From the multitude of papers and models one can find about Sparse GPR models, this project focuses on the proposals presented in *Snelson & Ghahramani (2007)*. Here, a distinction is made between:
* **Global approaches**: where the idea behind is to use a set of support points which can summarize the whole dataset. A similar procedure to the original GPR is used using only the support points. This is the reason for the term *global*.

* **Local approaches**: where data is grouped such that a GPR model is deployed for each of this blocks. The posterior distribution for a test point will correspond to the block to which this point belongs to. Such is, a *local* approach.

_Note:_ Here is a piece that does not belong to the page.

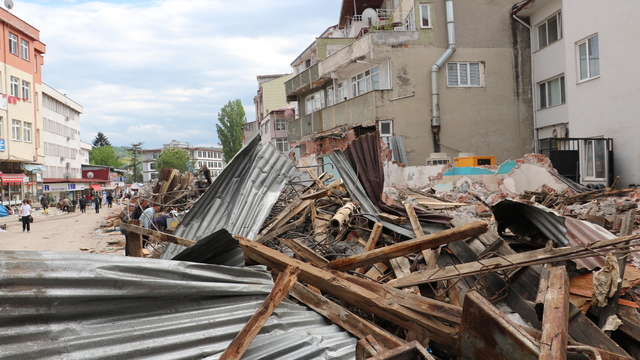 Samsun'un Havza ilçesinde dere güzergahında bulunan iş yerlerinin yıkımı sürüyor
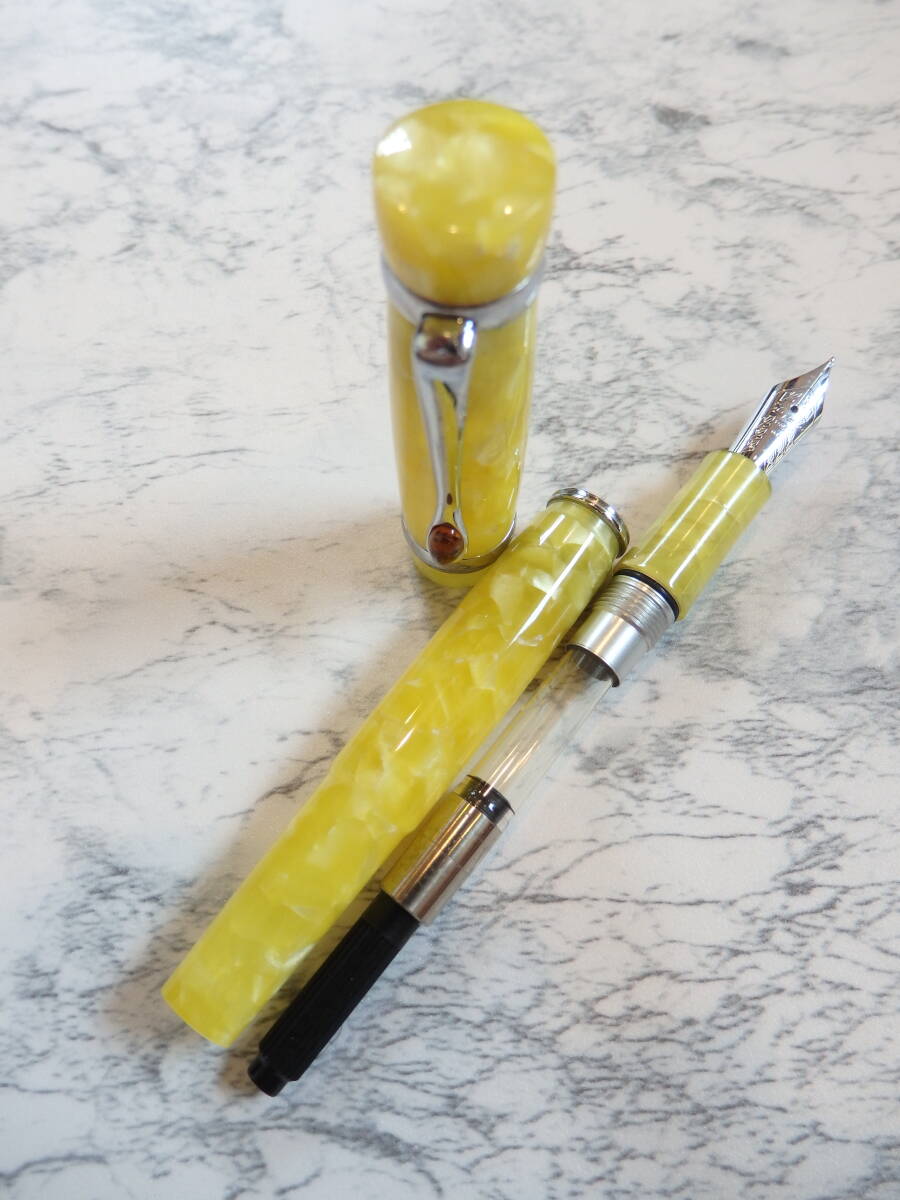スティピュラ イ・カストーニ シトリン 万年筆 スティピュラ イ・カストーニ シトリン 万年筆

In the paper mentioned above, a recap of two global methods are presented. These are the FIC (Fully Independent Conditional) and FITC (Fully Independent (Training) Conditional) approximations. Given a set of inducing points $\overline{f}$, the GP prior is expressed as:

$$
p(f,f_t) = \int d\overline{f} \text{  } p(f,f_T | \overline{f})  \text{  } p(\overline{f})
$$

From here, it is assumed that $f$ and $f_T$ are independent given $\overline{f}$:

$$
p(f,f_T) \approx q(f,f_T) = \int d\overline{f} \text{  } q(f_T | \overline{f}) \text{  } q(f | \overline{f})  \text{  } p(\overline{f})
$$

The FITC and FIC differ on the different following assumptions made on the training and test conditionals.

### FIC
For the first of the Fully Independent global approximations, the assumption is made that both the training and test conditionals are fully independent s.t. $q(f|\overline{f})=\prod\limits_n{p(f_n|\overline{f})}$ and $q(f_T|\overline{f})=\prod\limits_t{p(f_t|\overline{f})}$. 

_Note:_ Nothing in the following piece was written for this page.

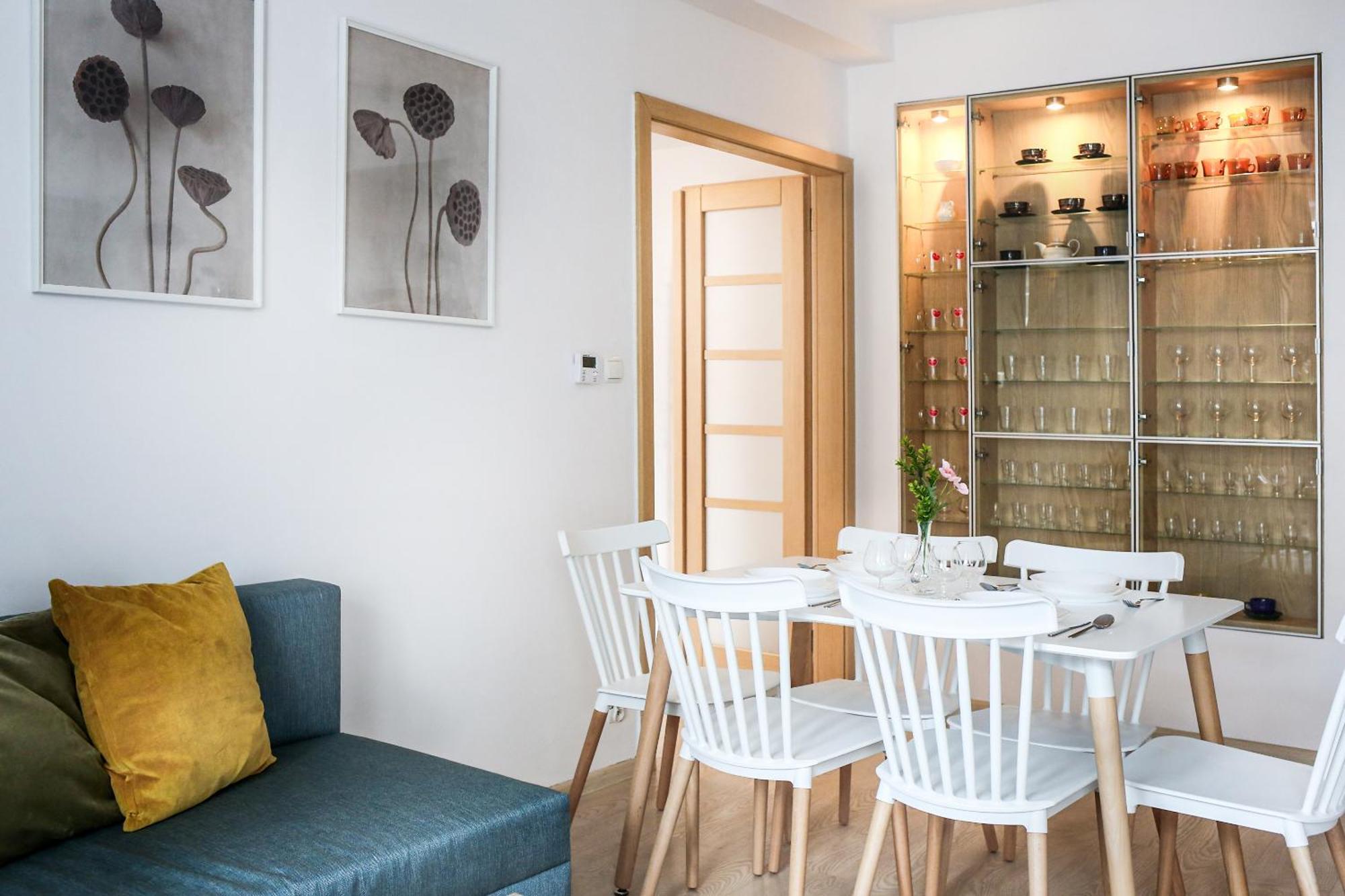 Fully-furnished With Air Conditioning For Families, Cracow Old Town Kraków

As a result the prior and predictive distributions found are the ones found in the first row of Table 1.

### FITC
This second global approximation only considers the *training* data points to be independent. We find the same conditional for training points as before: $q(f|\overline{f})=\prod\limits_n{p(f_n|\overline{f})}$; but, now, the test conditional: $q(f_T|\overline{f})=p(f_T|\overline{f})$.

This will transform into a different covariance prior in the testing points slots, as shown in Table 1.

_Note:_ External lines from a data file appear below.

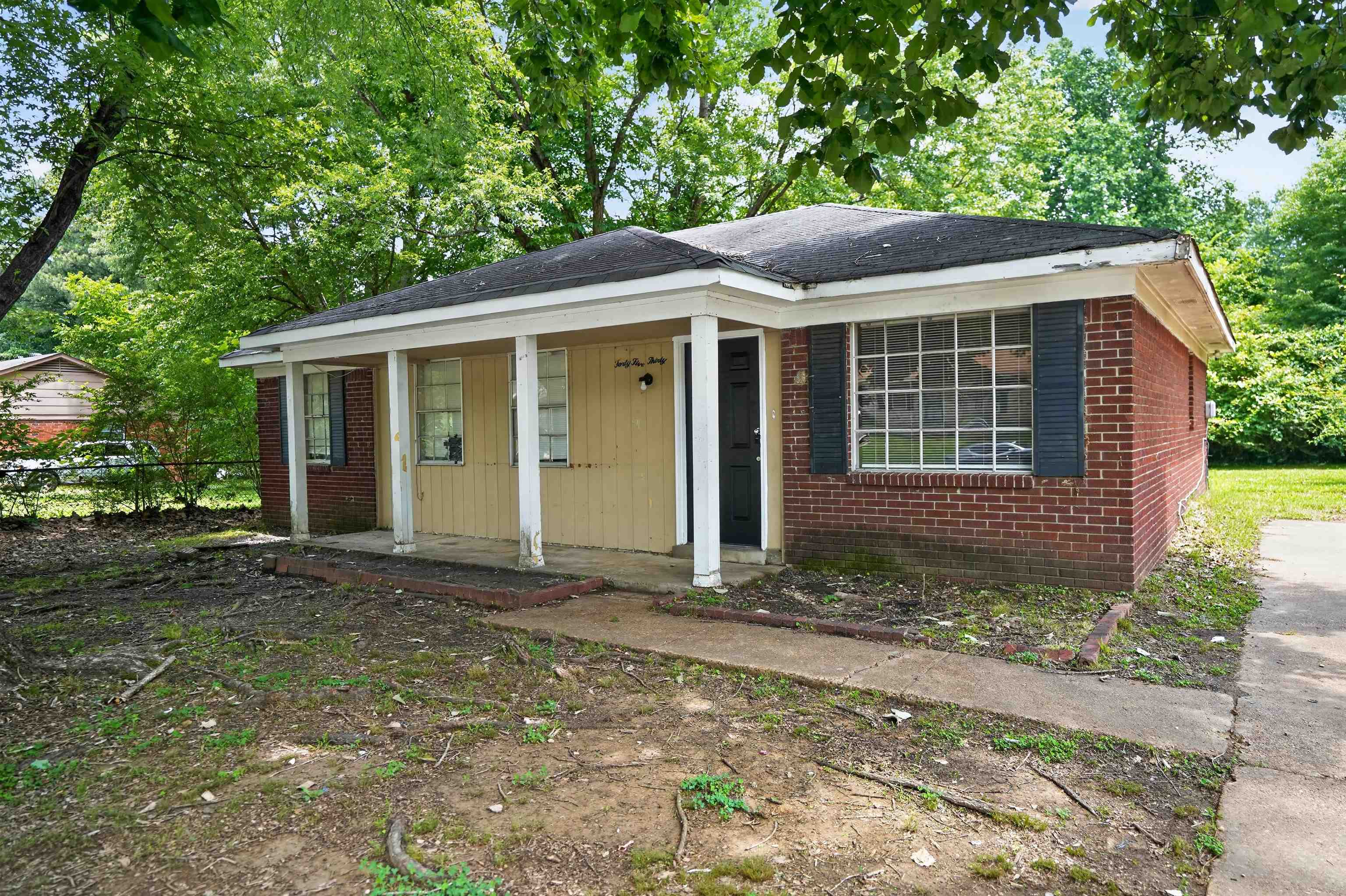 4530 Spring Valley Dr Property Photo 2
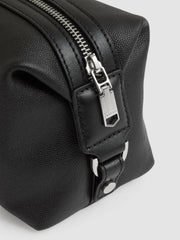 Micro-Grain Leather Washbag Black | Mens
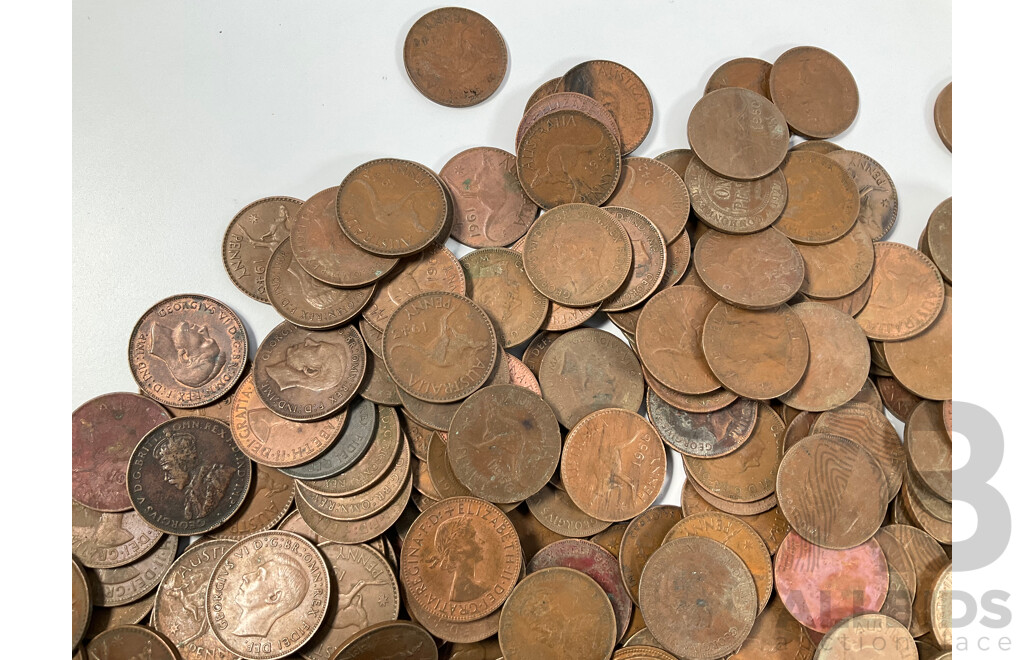 Collection of Australian Pennies, Examples Spanning 1915 to 1964 - Approximately 5.1 Kilograms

![Table 1](img/Table_1.png)

### Global + Local approach

Both global and local approaches present very good qualities. They also show disadvantages which are, somehow, complementary of each other. This is the main motivation to search for a method which combines both approaches.

As a first proposal, in *Snelson & Ghahramani (2007)* we find the PITC (Partially Independent Training Conditional).

### PITC

First proposed in *Quiñonera and Rasmussen (2005)*, the PITC method follows the steps of FITC. As a first step, the training points are divided into blocks $  X_{B_s}, f_{B_s} $ being $s \in S$ each of the blocks.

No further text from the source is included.